(WHAT IS REQUIRED):
Reproduction of part of the material below, pictures omitted: copy exactly, and only, the lines starting with the one with "ZF5-24-01-T-WT-TR_7102305.PDF Datasheet" and going on through the one with "בחריין שינויי מחיר".

(MATERIAL PROVIDED):
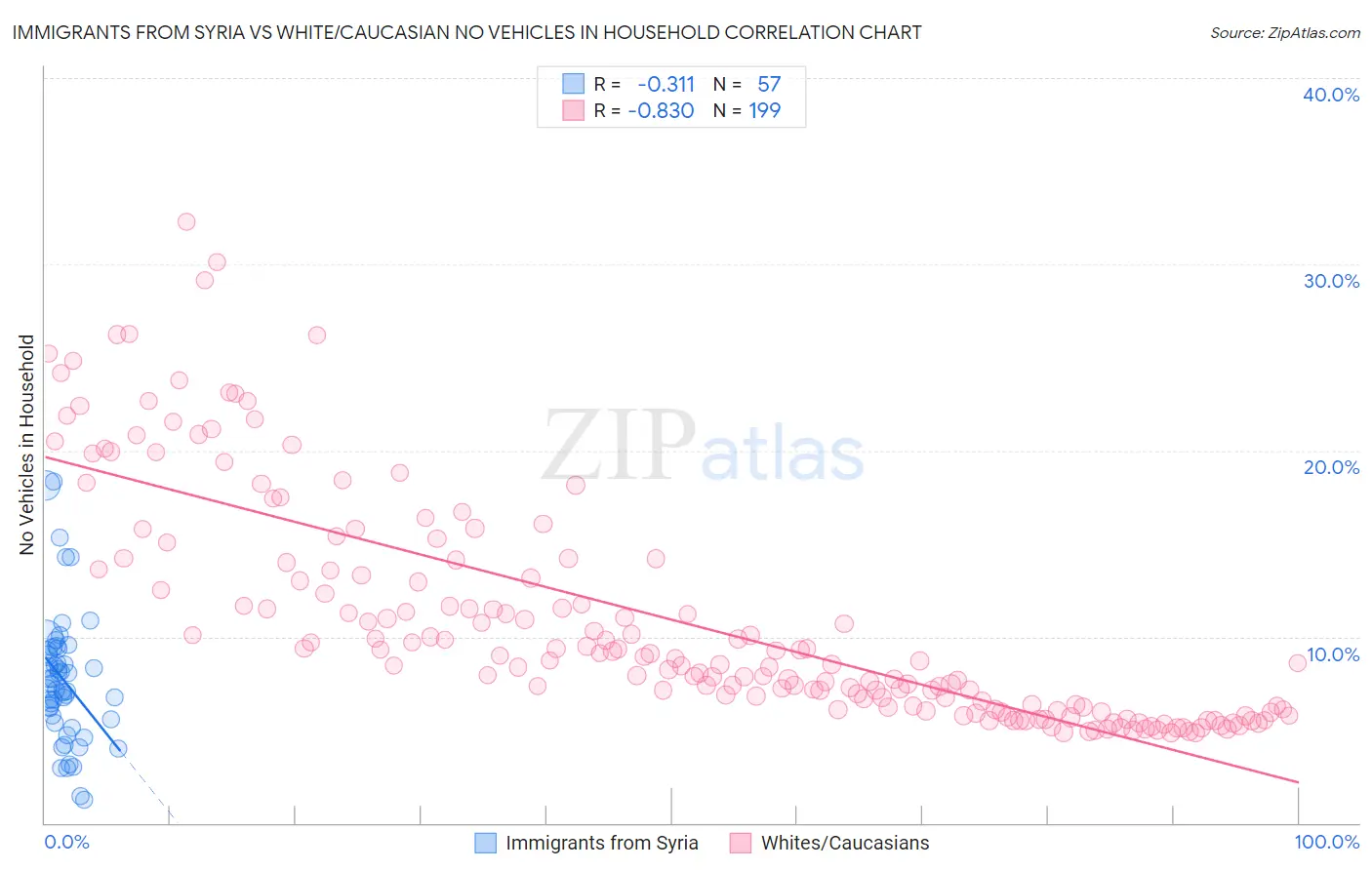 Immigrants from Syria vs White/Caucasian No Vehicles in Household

* * *

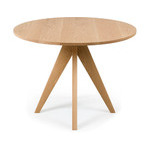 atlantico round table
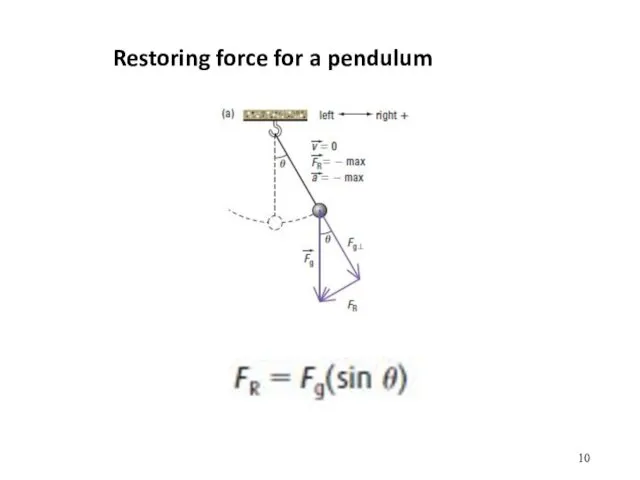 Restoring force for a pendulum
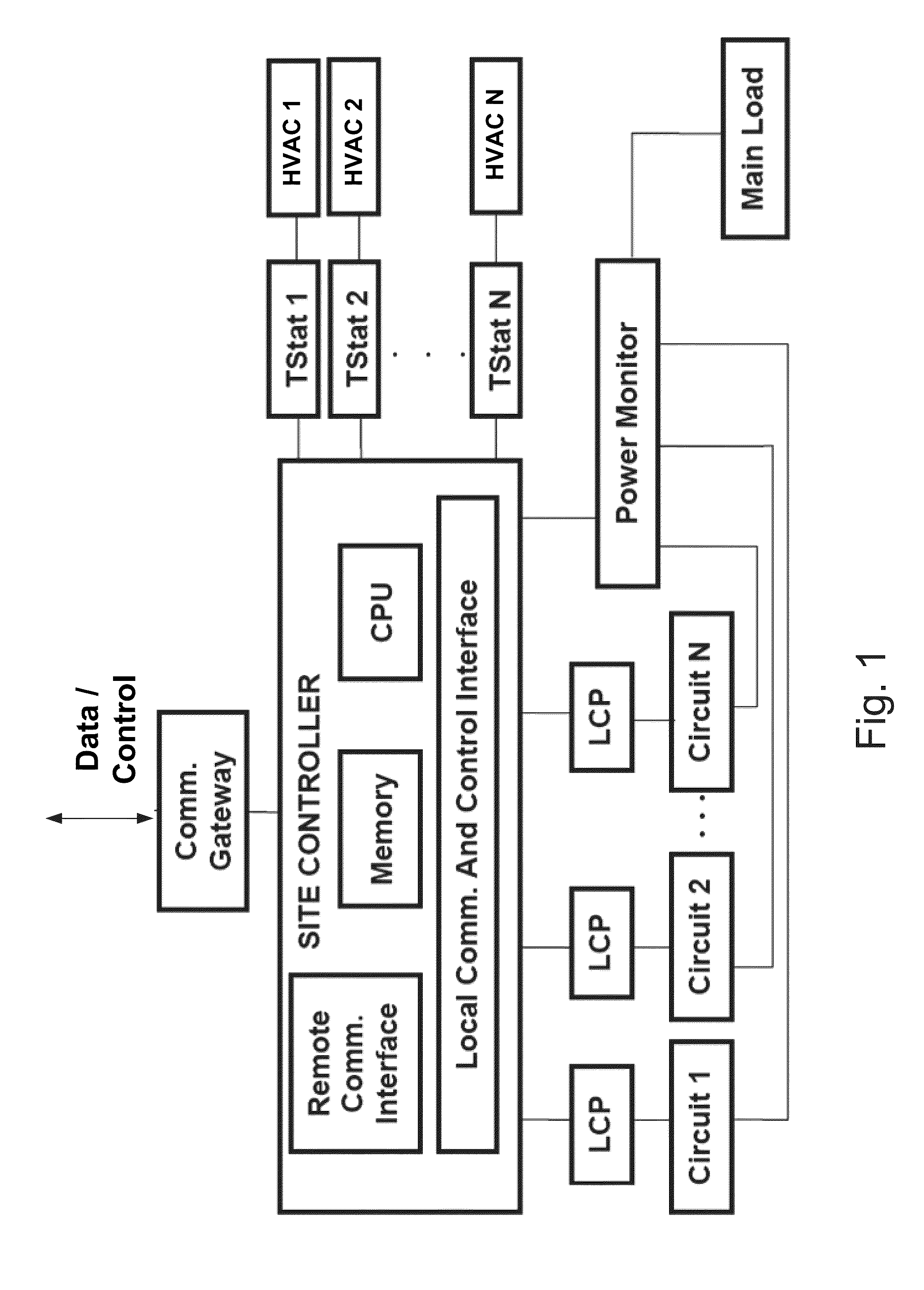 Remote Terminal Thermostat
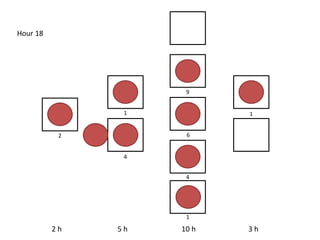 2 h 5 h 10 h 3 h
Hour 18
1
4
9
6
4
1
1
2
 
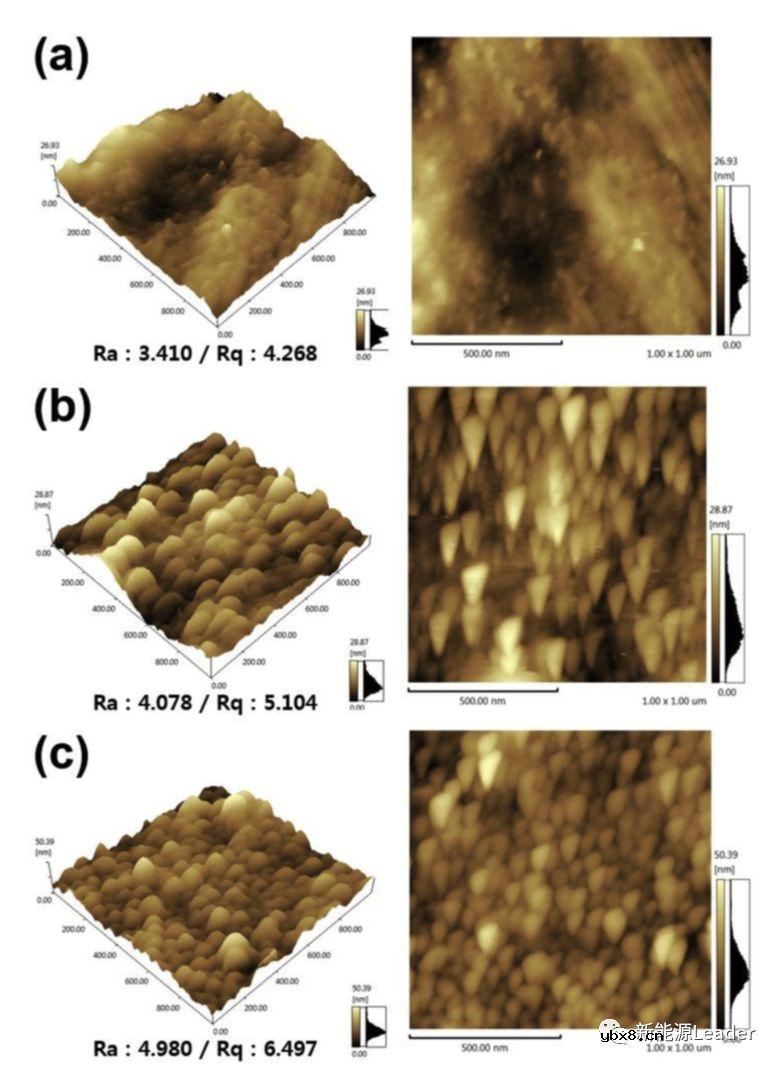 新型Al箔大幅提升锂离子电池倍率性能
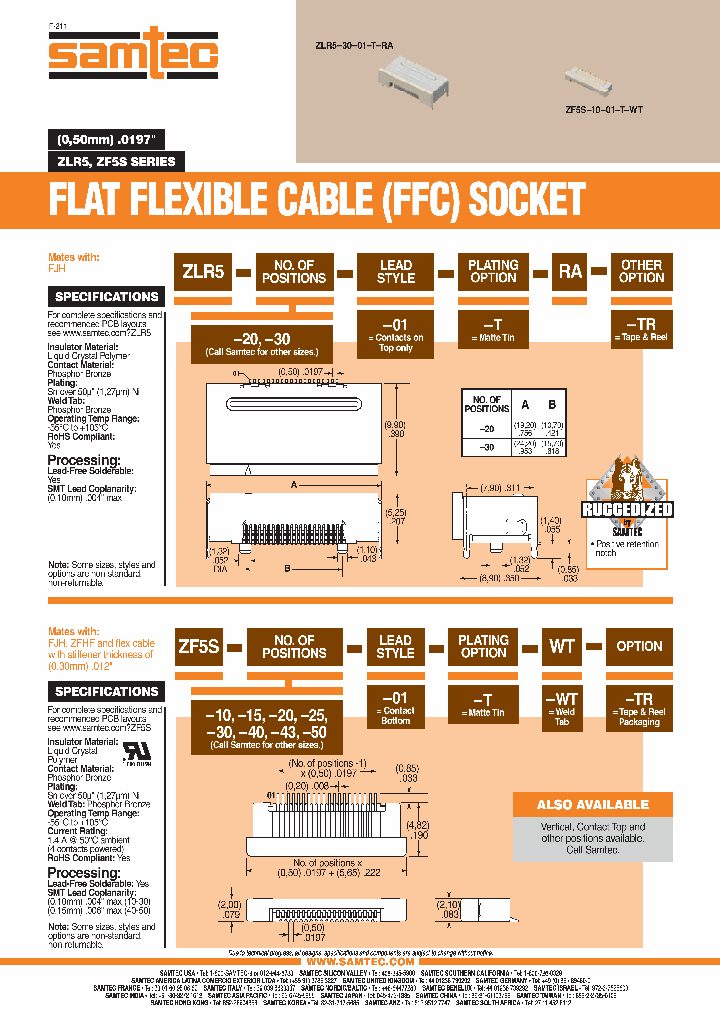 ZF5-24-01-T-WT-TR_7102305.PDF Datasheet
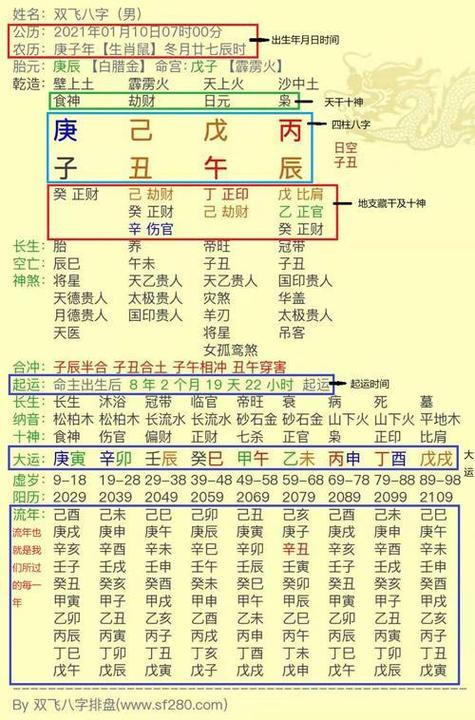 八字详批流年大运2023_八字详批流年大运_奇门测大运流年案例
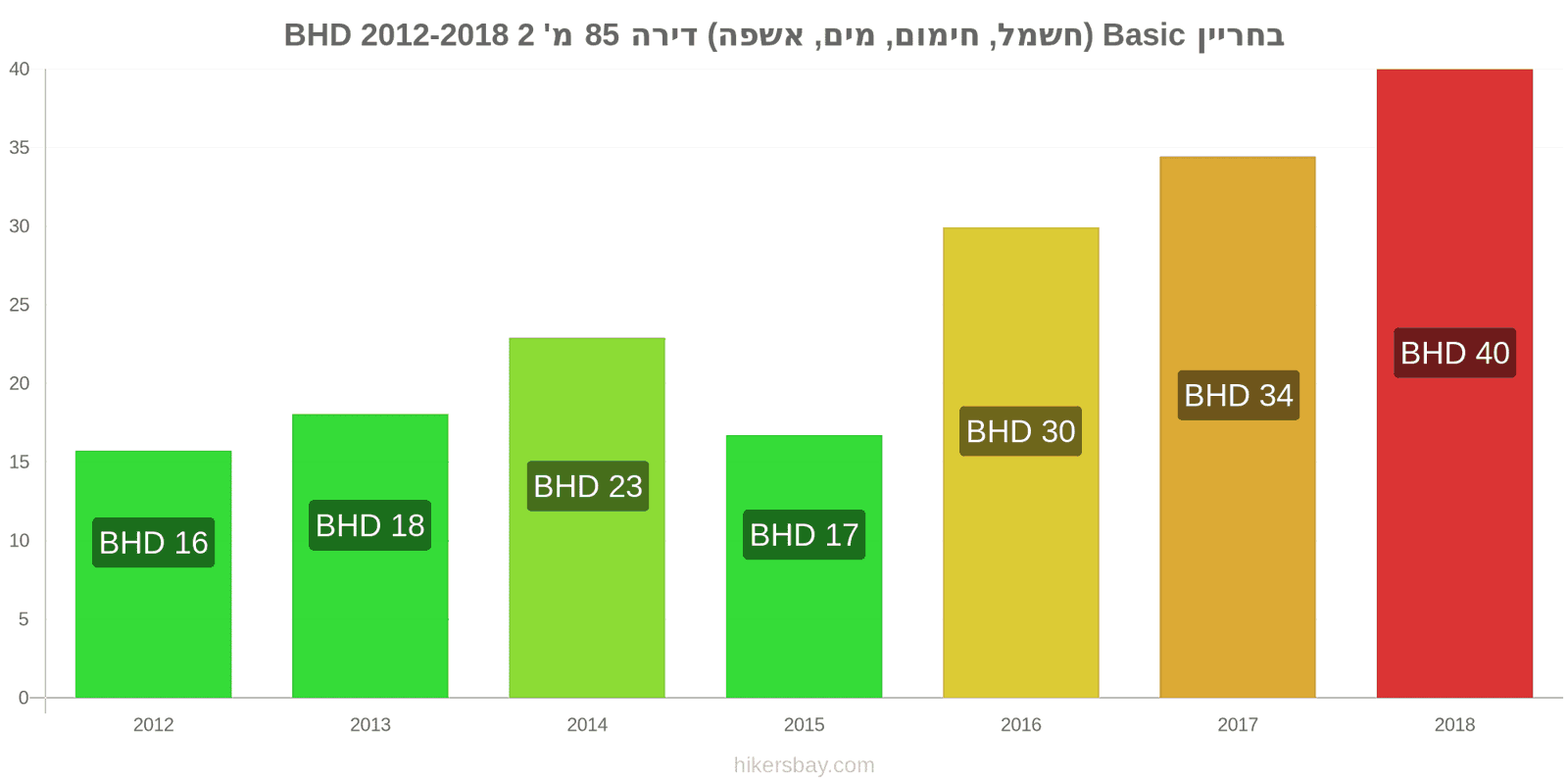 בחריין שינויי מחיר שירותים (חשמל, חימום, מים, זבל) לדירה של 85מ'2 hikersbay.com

(RESULT):
 ZF5-24-01-T-WT-TR_7102305.PDF Datasheet
 八字详批流年大运2023_八字详批流年大运_奇门测大运流年案例
 בחריין שינויי מחיר שירותים (חשמל, חימום, מים, זבל) לדירה של 85מ'2 hikersbay.com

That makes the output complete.